Problem to solve:
Begin at the first line of the records below and, please, give each line again exactly until the line with "Glen HA7012OR9 Electric" is included.

Data records:

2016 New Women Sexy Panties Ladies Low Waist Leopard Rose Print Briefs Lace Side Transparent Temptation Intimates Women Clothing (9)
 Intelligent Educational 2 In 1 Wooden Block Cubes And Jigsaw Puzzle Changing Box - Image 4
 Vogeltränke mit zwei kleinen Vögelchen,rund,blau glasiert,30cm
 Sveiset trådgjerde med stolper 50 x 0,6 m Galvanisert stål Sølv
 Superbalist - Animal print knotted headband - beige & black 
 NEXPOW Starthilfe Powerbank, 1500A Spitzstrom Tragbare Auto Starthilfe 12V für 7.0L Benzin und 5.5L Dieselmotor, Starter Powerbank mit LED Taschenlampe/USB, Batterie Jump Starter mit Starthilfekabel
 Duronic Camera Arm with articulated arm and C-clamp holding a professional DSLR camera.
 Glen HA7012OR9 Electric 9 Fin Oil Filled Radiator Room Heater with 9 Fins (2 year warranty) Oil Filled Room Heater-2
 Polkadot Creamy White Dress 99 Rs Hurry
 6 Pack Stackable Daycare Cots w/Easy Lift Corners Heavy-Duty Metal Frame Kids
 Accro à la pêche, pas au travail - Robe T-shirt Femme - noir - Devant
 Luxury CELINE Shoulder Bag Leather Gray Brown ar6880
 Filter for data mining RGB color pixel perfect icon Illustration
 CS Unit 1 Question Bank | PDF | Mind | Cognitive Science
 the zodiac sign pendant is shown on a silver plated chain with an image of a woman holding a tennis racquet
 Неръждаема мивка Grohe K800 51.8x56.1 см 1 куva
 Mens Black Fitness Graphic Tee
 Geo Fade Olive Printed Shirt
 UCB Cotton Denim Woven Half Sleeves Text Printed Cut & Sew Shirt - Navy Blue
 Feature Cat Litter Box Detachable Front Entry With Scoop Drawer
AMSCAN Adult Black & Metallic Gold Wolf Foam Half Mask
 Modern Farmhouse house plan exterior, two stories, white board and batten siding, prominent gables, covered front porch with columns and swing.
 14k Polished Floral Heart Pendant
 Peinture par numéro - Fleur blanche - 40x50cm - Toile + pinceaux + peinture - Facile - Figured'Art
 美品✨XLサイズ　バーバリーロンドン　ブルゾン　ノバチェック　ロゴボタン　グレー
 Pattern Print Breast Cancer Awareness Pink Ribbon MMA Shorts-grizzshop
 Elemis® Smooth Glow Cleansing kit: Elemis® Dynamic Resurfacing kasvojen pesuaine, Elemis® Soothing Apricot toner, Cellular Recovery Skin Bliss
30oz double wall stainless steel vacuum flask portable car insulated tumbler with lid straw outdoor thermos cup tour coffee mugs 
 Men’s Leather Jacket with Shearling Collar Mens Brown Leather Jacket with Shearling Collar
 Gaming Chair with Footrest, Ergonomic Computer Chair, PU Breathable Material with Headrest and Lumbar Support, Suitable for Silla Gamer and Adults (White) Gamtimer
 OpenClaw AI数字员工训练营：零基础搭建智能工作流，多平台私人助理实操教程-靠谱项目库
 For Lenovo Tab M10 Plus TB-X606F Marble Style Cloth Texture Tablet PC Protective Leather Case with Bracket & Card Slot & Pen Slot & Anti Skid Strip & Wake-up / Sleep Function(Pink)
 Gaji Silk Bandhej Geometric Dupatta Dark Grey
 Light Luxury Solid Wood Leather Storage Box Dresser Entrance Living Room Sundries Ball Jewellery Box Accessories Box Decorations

Task answer:
2016 New Women Sexy Panties Ladies Low Waist Leopard Rose Print Briefs Lace Side Transparent Temptation Intimates Women Clothing (9)
 Intelligent Educational 2 In 1 Wooden Block Cubes And Jigsaw Puzzle Changing Box - Image 4
 Vogeltränke mit zwei kleinen Vögelchen,rund,blau glasiert,30cm
 Sveiset trådgjerde med stolper 50 x 0,6 m Galvanisert stål Sølv
 Superbalist - Animal print knotted headband - beige & black 
 NEXPOW Starthilfe Powerbank, 1500A Spitzstrom Tragbare Auto Starthilfe 12V für 7.0L Benzin und 5.5L Dieselmotor, Starter Powerbank mit LED Taschenlampe/USB, Batterie Jump Starter mit Starthilfekabel
 Duronic Camera Arm with articulated arm and C-clamp holding a professional DSLR camera.
 Glen HA7012OR9 Electric 9 Fin Oil Filled Radiator Room Heater with 9 Fins (2 year warranty) Oil Filled Room Heater-2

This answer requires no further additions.